Datasets for the GBQ data schema
Learn about the difference in the legacy and new GBQ datasets.
JSON-based
Legacy column-based.
For information on selecting a configuration, see topic Configure a new GBQ pipeline in the Console. For details of these different data schema types, see the section below.
JSON-based GBQ data schema
We recommend the JSON-based schema. It has only one column for the crosswalk Uri, crosswalk attributes, and crosswalk updateDate values, and is the same for attributes and analytical attributes.
Legacy column-based GBQ data schema
Optionally, you can use the legacy column-based GBQ data schema. It explodes each section of the crosswalk data into multiple columns, which creates separate columns for the crosswalk. For example: crosswalk.uri, crosswalk.attributes, and crosswalk.updateDate.
If the Reltio attribute name satisfies the GBQ schema naming convention, then it remains as-is.

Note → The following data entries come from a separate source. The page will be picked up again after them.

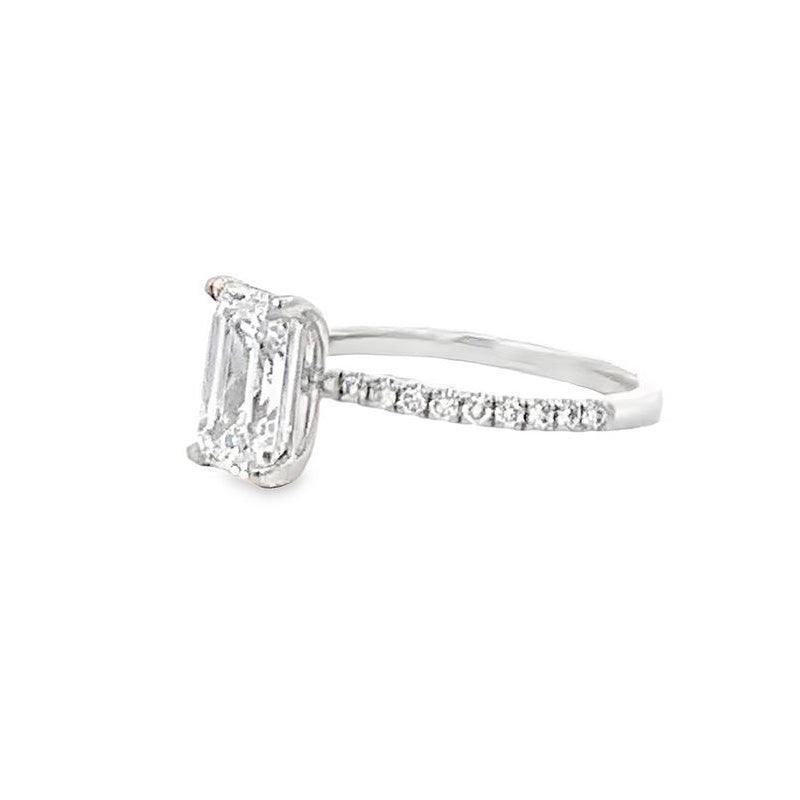 14K White Gold 2.23TDW Lab Grown Diamond Engagement Ring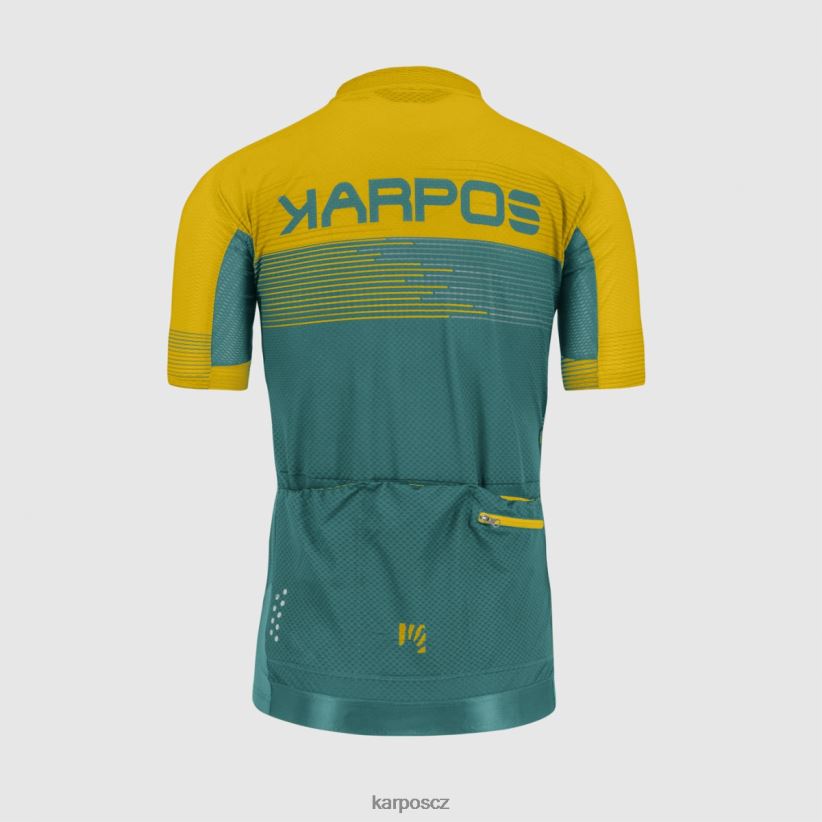 zelený hasičský dres muži Karpos severní Atlantik/citronové kari/dar tričko| T6XZZH311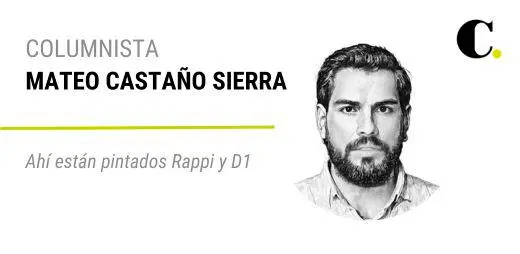 Ahí están pintados Rappi y D1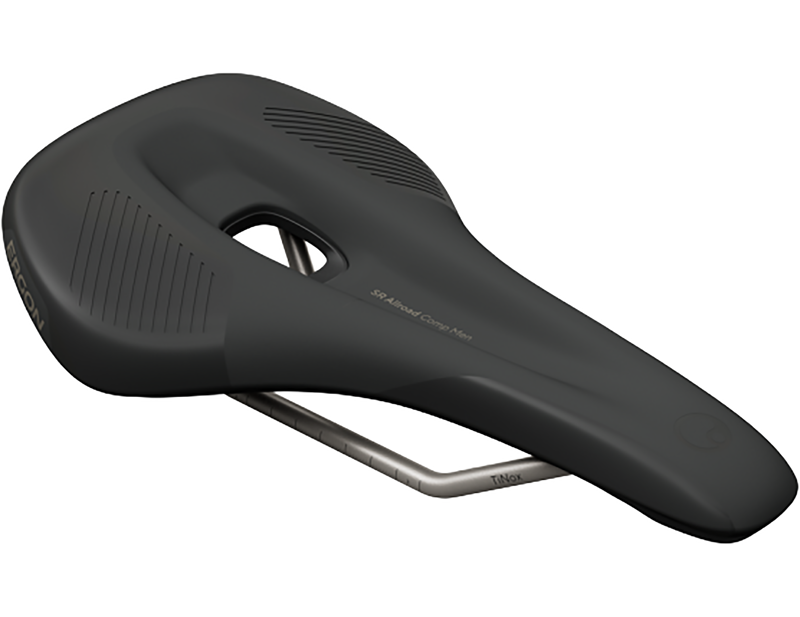 Balfes Bikes Ergon SR Allroad Comp Men's Saddle in Black | Free postage over £30, £10 off first order, price match & 0% finance.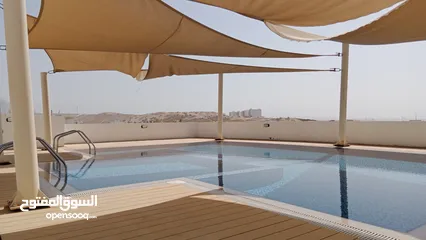  1 5Me12-Modern 2bhk flat for rent with sharing pool in Bousher شقة للايجار مع بركة سباحة في بوشر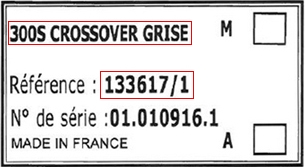 plaque ref + nom de la table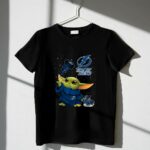 Baby Yoda Tampa Bay Lightning Hockey Fan Art Grogu Jedi Force Skating Puck 1 T Shirt.jpg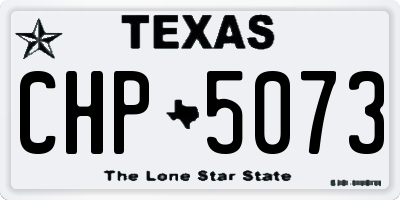 TX license plate CHP5073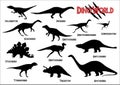 Dinosaurs silhouettes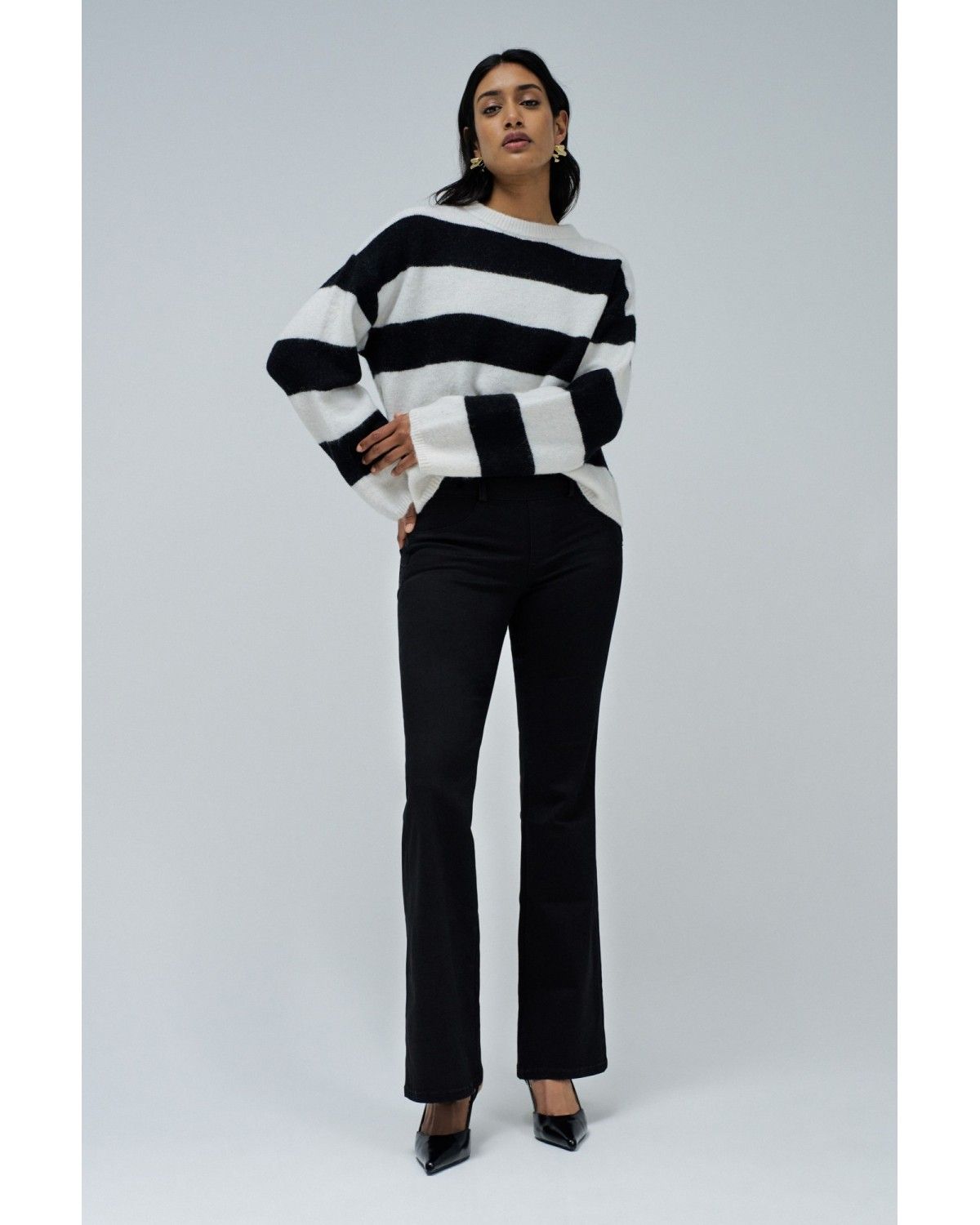 Jeans Secret Silhouette Push In Bootcut Preto-6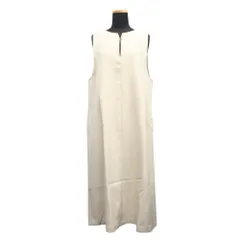 未使用 CROCODILE クロコダイル ジャンパー スカート ワンピース ロング丈 ノースリーブ M ベージュ レディース 古着 中古 USED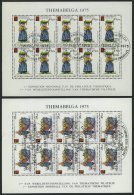 BELGIEN 1841-46 O, 1975, Kompletter Kleinbogensatz Thema-Belga Mit Sonderstempel, Pracht, Mi. 45.- - Belgio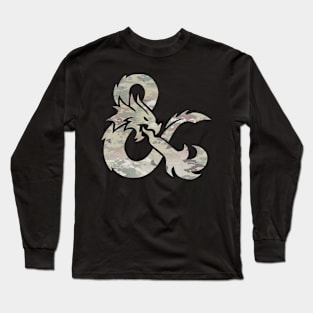 Camo Dungeons and Dragons Dragon Long Sleeve T-Shirt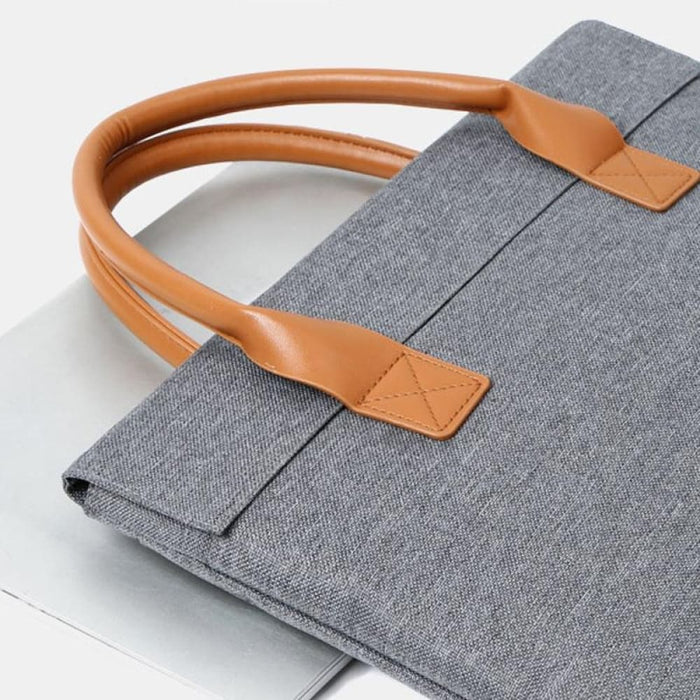 Lightweight Portable Laptop Bag With Pu Handle Oxford Cloth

If the Reltio attribute name contains invalid GBQ characters, then it is replaced with an underscore (_).
If the Reltio attribute name starts with a number, then it is prefixed with an underscore (_) at the beginning of the name.
If the Reltio attribute meets the naming collisions after the previous two steps, then include a CRC32 hash function value at the end of the Reltio attribute name.
If there are two or more Reltio attribute with the same name, then a hash function value is added at the end of the Reltio attribute name. For example, there are two attribute names: Another-Field and another_field. After the transformation rule is applied, the GBQ field names changes to Another_Field_71e1316e and another_field_45b4f955 respectively.